In the market for a small cMoy, I came across this little critter on e b a y - the SMSL SAP-4s (MAX9722): 
  - http://www.ebay.com.au/itm/2013-New-version-SMSL-SAP-4S-Ultra-thin-portable-Headphone-amplifier-Black-/321104815565?pt=AU_Electronics_Audio_Amplifiers&hash=item4ac356a5cd&_uhb=1
   
   
  I have found a couple of reviews:
  - http://www.anythingbutipod.com/forum/showthread.php?t=72005
  - http://www.head-fi.org/products/new-version-smsl-sap-4s-portable-power-headphone-amplifier-black/reviews/9116
   
   
  But just wondering in addition what you fella's think of this little guy? I'm after a small, slim-profile amp that I can keep in my pocket attached to my iPhone. 
   
   
  If it matters, i'm tossing up between this amp and the Zigis's ABB cMoy (OPA2134 or LM4562),
  - http://cgi.ebay.com.au/ws/eBayISAPI.dll?ViewItem&item=251241570620
   
   
  and Fred's tiny Eclipse tin cMoy (althought not too sure if i'll like the Tpa6111a2 opamp)
  - http://www.ebay.com.au/itm/Headphone-amplifier-eclipse-tin-cmoy-RECHARGABLE-audiophile-quality-Black-Ch-/200908741875?pt=AU_Electronics_Audio_Amplifiers&hash=item2ec7181cf3&_uhb=1
   
   
   
  I don't even know why I put up a poll, but I did. Just for the heck of it. Ignore it if you want!
   
  Adios


----------



## dh0licious

Bump


----------



## dh0licious




----------



## zoologico

I've interest in this smsl little amp. Quite slim and in the review you hold says that's a great amp for the prive, beating e11 an c&c bh. If that's true, and for 49$ I'll order one!.
Waiting for another review, may be ClieOs?...


----------



## dh0licious

Quote: 





zoologico said:


> I've interest in this smsl little amp. Quite slim and in the review you hold says that's a great amp for the prive, beating e11 an c&c bh. If that's true, and for 49$ I'll order one!.
> Waiting for another review, may be ClieOs?...


 
   
   
  Someone try it! This could be the next C&C BH....!


----------



## ClieOS

Quote: 





zoologico said:


> Waiting for another review, may be ClieOs?...


 
   
  Not sure I'll be interested. It is based on MAX9722, the same chip in FiiO E6. But this doesn't mean it will be the same SQ, as iFi iDAC uses the same chip and the result is actually quite good. However, iDAC has the advantage of being a desktop gear so it benefits from a great power supply. From the internal picture of the SAP-4, I can see they are using the reference design from Maxim and run straight from a 3.7V Li-ion battery, which is much simpler in design than E11 or BH. Of course, no one can judge SQ by looking at the circuit.


----------



## Liveartonline

Hi Clieos, this is somewhat unrelated, but what's the coldest sound amp with preferably a slight boost to treble, good transparency and soundstage under $200? I need something  to complement the Aurisonics ASG-1, which has very forward mids and recessed treble.


----------



## ClieOS

Quote: 





liveartonline said:


> Hi Clieos, this is somewhat unrelated, but what's the coldest sound amp with preferably a slight boost to treble, good transparency and soundstage under $200? I need something  to complement the Aurisonics ASG-1, which has very forward mids and recessed treble.


 
   
  It is much easier to find a warm and than a cold amp, and bass boost over treble boost. It would be easier just to use a transparent amp, then boost the treble with EQ.  For that, and If you don't mind the size, O2 will be a good choice. Lear FSM-01 is quite a bright sounding amp too, though not as good as O2.


----------



## H20Fidelity

zoologico said:


> I've interest in this smsl little amp. Quite slim and in the review you hold says that's a great amp for the prive, beating e11 an c&c bh. If that's true, and for 49$ I'll order one!.
> Waiting for another review, may be ClieOs?...

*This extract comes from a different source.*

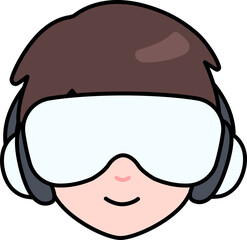 Cute Head Man VR Technology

The person who wrote that review/blog in the OP's link from anything but ipod is actually the same member (who is now banned from here) and claimed $100 Colorfly C3 was a better sounding player then $449 Hisound Studio V. I cannot link the blog here but that wild claim can be seen on his main website. Knowing what I know now (owning both DAP) what I'm saying is this isn't the first time I've seen outlandish claims by that member that "this is half the cost and beats that" I would really like someone to try the SAP amp and by all means we might be onto something.. but knowing what I learnt about Studio V and Colorfly C3 (regardless of internals) won't believe a word from that ex member. Not the first time I've seen him mention such things.


----------



## dh0licious

Quote: 





h20fidelity said:


> The person who wrote that review/blog in the OP's link from anything but ipod is actually the same member (who is now banned from here) and claimed $100 Colorfly C3 was a better sounding player then $449 Hisound Studio V. I cannot link the blog here but that wild claim can be seen on his main website. Knowing what I know now (owning both DAP) what I'm saying is this isn't the first time I've seen outlandish claims by that member that "this is half the cost and beats that" I would really like someone to try the SAP amp and by all means we might be onto something.. but knowing what I learnt about Studio V and Colorfly C3 (regardless of internals) won't believe a word from that ex member. Not the first time I've seen him mention such things.


 
  I just want to buy something  Lol!


----------



## H20Fidelity

dh0licious said:


> I just want to buy something  Lol!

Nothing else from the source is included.